▶ [Instructions for the task] Report every line below that carries the word "pracy".

▶ [Working data]
▼

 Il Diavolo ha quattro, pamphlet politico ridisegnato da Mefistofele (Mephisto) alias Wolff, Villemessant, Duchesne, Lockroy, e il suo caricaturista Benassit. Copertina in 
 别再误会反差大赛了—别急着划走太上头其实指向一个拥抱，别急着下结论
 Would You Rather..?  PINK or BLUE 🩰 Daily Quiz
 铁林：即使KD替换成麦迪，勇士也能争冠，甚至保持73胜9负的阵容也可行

▲
▼

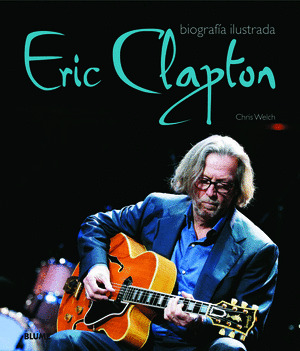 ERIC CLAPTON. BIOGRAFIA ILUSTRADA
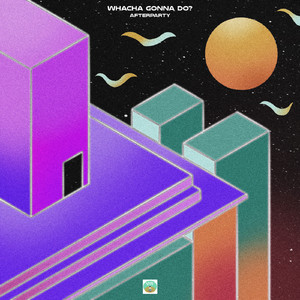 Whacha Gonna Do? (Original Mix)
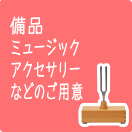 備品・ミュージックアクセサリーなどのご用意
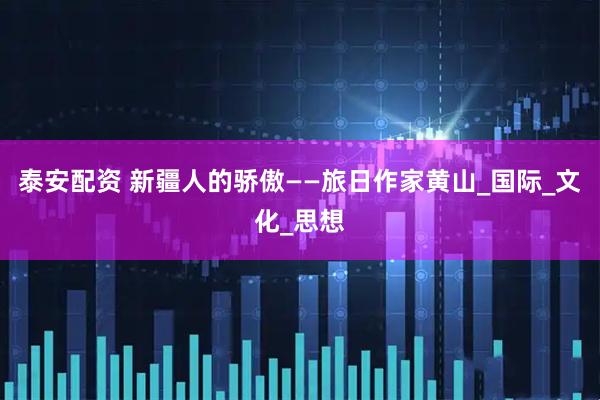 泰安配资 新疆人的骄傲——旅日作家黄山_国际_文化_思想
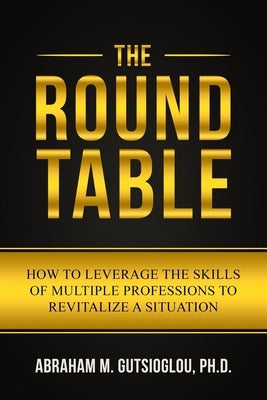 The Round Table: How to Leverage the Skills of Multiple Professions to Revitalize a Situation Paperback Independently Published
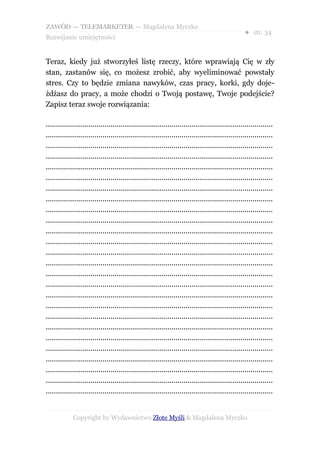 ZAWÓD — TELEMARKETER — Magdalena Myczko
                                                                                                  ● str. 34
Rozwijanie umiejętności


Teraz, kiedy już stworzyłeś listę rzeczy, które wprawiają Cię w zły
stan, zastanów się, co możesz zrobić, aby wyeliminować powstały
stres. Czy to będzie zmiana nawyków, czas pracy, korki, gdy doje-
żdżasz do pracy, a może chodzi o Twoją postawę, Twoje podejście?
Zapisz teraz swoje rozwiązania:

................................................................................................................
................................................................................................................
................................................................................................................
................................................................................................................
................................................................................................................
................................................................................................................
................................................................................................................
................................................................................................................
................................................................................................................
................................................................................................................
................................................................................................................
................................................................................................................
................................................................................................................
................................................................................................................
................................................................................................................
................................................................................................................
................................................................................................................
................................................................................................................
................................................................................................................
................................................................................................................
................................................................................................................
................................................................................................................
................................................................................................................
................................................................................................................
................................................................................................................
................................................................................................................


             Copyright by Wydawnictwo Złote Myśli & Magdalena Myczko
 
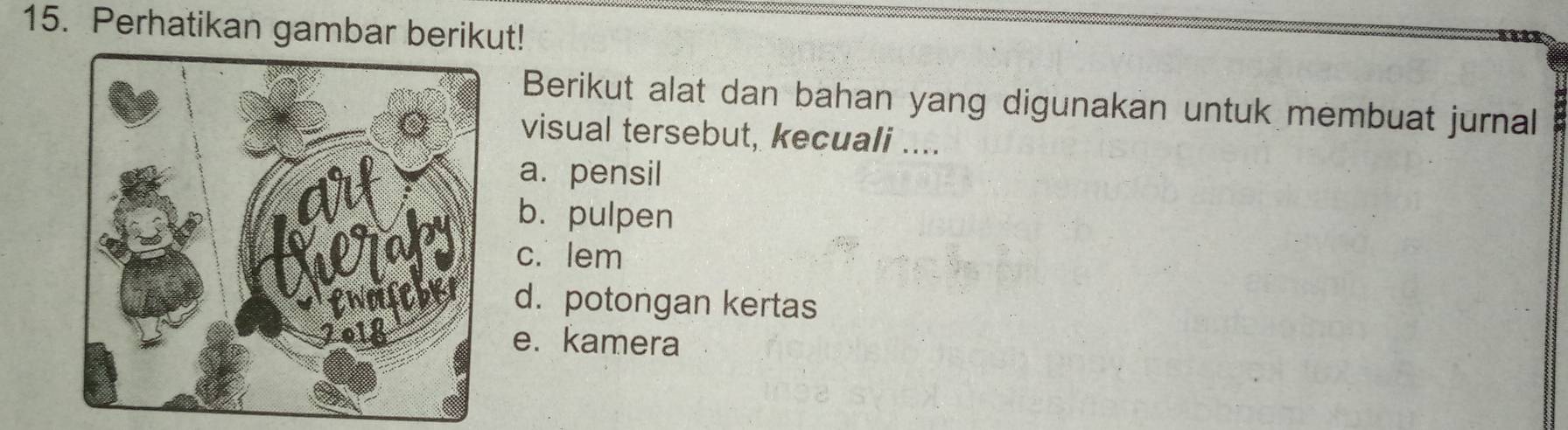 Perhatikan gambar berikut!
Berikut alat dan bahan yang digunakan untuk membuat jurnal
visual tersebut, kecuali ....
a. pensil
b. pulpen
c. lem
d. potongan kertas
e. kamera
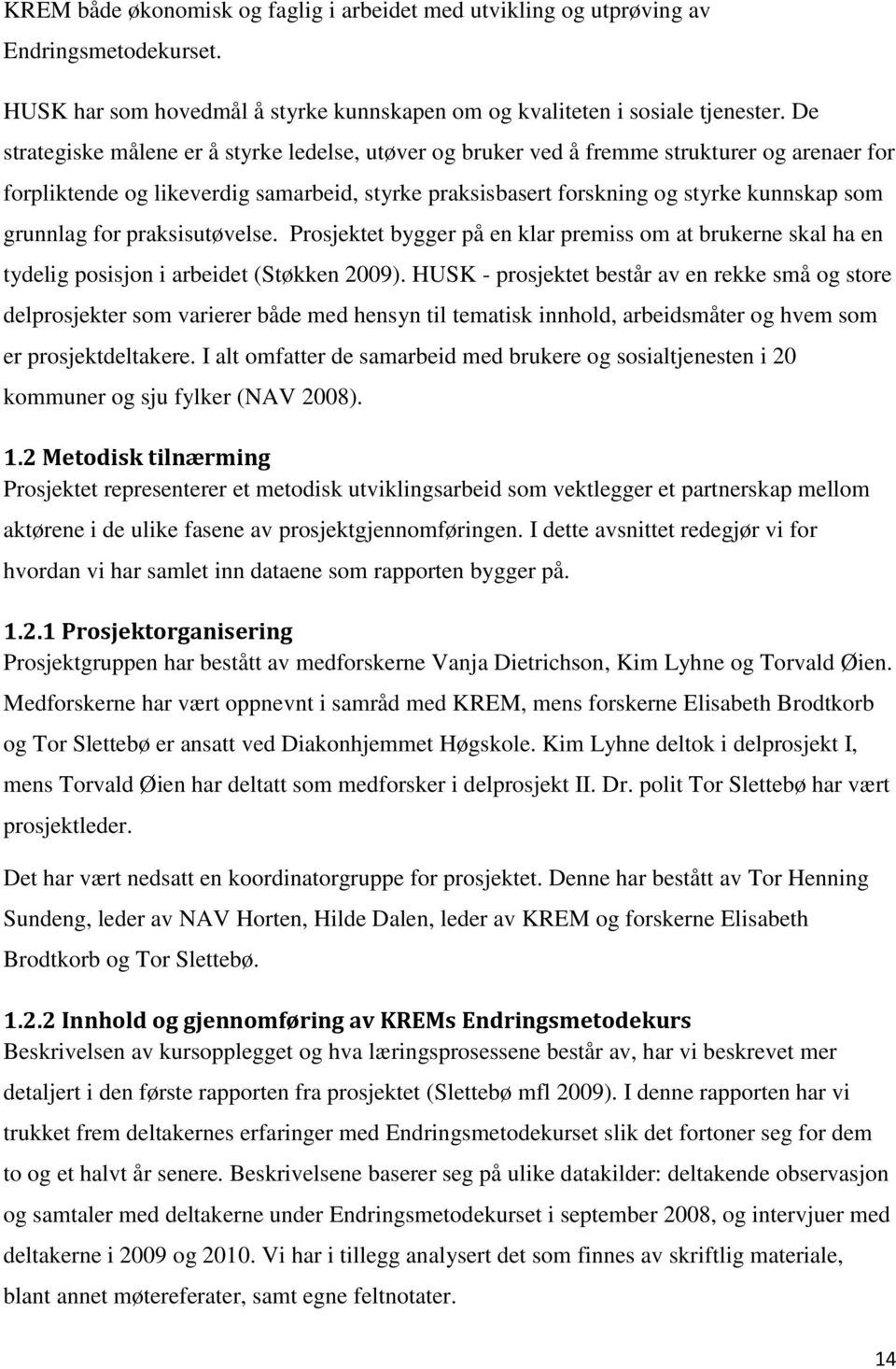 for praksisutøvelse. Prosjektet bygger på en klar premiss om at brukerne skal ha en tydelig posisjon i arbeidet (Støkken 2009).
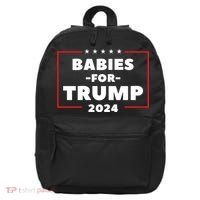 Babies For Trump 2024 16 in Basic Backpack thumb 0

▲

▶ [Response box]
stres. Czy to będzie zmiana nawyków, czas pracy, korki, gdy doje-
żdżasz do pracy, a może chodzi o Twoją postawę, Twoje podejście?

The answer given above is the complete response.